**Work instructions**
Skip the pictures. Quote every line below, exactly, from the one with "Chapa Redonda De 10 Cm Amo ambos (Anverso)" through the final line.

**Recorded data**
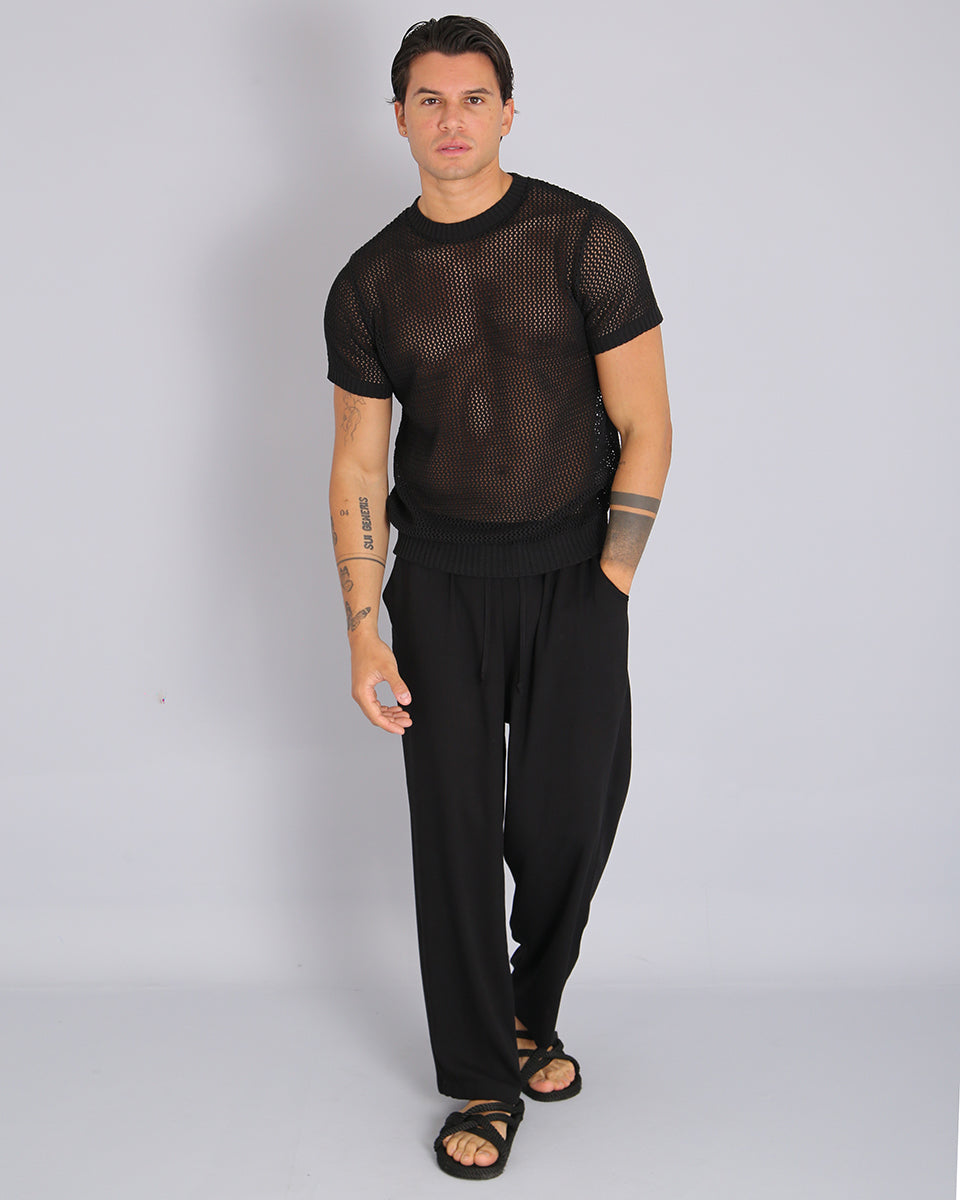 Msm Studio Perforated Thread T-Shirt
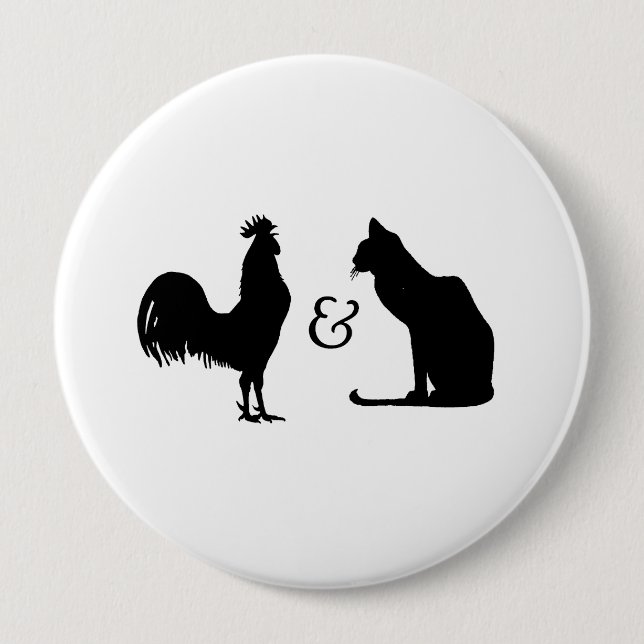 Chapa Redonda De 10 Cm Amo ambos (Anverso)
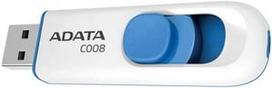 usb adata 32gb - ADATA Classic C008 32GB White/Blue (Baltas/Mėlynas) - 5 nuotrauka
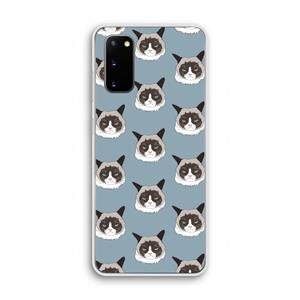 CaseCompany It's a Purrr Case: Samsung Galaxy S20 Transparant Hoesje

**Written solution**
 Chapa Redonda De 10 Cm Amo ambos (Anverso)
 usb adata 32gb - ADATA Classic C008 32GB White/Blue (Baltas/Mėlynas) - 5 nuotrauka
 CaseCompany It's a Purrr Case: Samsung Galaxy S20 Transparant Hoesje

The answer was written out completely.